In connection with these safe-harbor provisions, MACC has identified in its
Annual Report to Shareholders for the fiscal year ended September 30, 2000,
important factors that could cause actual results to differ materially from
those contained in any forward-looking statement made by or on behalf of MACC,
including, without limitation, the high risk nature of MACC's portfolio
investments, any failure to achieve annual investment level objectives, changes
in prevailing market interest rates, and contractions in the markets for
corporate acquisitions and initial public offerings. MACC further cautions that
such factors are not exhaustive or exclusive. MACC does not undertake to update
any forward-looking statement which may be made from time to time by or on
behalf of MACC.

RESULTS OF OPERATIONS

     Three Months Ended December 31, 2000, Compared to Three Months Ended
December 31, 1999

     MACC's investment income includes income from interest, dividends and fees.
Net investment income represents total investment income minus operating and
interest expenses, net of applicable income taxes. The main objective of
portfolio company investments is to achieve capital appreciation and realized
gains in the portfolio. These are not included in net investment income.
However, another one of MACC's on-going goals is to achieve net investment
income and increased earnings stability. In this regard, a significant
proportion of new portfolio investments are structured so as to provide a
current yield through interest or dividends. MACC also earns interest on
short-term investments of cash.

     During the current year, first quarter total investment income of $808,429
was approximately 36% higher than total investment income of $596,574 for the
prior year first quarter. In the current year first quarter as compared to the
prior year first quarter, interest income increased $98,190, dividend income
increased $162,616, processing fees decreased $48,009 and other income decreased
$942. The increase in interest income is primarily due to a $6,830,456, or 44%
increase in MACC's interest-earning portfolio investments that are structured as
subordinated debentures during the prior fiscal year.
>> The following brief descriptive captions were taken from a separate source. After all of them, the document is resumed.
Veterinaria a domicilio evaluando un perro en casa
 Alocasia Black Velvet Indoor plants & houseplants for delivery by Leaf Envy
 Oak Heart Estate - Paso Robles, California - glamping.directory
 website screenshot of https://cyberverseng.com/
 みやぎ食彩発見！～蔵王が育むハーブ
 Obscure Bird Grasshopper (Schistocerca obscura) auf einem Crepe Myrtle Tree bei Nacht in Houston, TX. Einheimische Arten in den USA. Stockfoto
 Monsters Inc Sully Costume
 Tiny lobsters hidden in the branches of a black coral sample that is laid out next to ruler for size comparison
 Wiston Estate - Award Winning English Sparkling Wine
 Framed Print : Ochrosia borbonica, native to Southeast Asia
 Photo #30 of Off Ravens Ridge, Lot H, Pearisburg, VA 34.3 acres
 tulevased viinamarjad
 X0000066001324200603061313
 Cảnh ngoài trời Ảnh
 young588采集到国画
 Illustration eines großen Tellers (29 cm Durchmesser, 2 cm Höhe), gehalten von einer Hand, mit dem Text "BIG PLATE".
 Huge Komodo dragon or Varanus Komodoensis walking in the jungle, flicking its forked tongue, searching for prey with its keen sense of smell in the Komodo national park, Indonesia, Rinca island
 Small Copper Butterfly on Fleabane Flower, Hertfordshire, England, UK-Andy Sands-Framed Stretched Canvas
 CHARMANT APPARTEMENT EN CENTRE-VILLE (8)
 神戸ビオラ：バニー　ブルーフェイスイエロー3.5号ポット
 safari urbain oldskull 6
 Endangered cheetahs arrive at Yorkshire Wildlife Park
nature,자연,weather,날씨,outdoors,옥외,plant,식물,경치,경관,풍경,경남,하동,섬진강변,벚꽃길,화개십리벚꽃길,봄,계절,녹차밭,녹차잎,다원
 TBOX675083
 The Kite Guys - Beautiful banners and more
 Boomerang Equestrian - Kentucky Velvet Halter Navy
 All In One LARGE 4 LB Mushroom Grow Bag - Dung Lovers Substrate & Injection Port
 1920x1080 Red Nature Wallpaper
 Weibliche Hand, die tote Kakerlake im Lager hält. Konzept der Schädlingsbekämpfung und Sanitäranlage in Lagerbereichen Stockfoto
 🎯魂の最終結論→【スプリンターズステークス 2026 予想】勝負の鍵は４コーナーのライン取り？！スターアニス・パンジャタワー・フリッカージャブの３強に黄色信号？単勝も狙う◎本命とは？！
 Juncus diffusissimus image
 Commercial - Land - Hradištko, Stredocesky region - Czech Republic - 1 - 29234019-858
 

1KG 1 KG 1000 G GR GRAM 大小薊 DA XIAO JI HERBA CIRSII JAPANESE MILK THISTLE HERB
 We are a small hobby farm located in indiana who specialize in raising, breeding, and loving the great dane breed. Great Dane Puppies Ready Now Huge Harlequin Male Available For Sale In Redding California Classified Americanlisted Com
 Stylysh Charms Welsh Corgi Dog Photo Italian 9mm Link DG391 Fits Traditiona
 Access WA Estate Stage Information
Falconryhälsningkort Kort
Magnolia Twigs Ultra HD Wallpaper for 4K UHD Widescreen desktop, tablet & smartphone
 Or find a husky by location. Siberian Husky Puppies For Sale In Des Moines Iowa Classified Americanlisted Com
The receipt of dividend
income is based primarily on the performance of the limited liability companies
in MACC's portfolio and the timing of when these companies make distributions.
In the current year first quarter dividends were received on six portfolio
companies as compared to dividends received on two portfolio companies in the
prior year first quarter. Processing fees decreased due to only one follow-on
portfolio company investment made in the current year first quarter in which
MACC received processing fees at the closing compared to two new portfolio
company investments in the prior year first quarter in which MACC received a
processing fee at closing.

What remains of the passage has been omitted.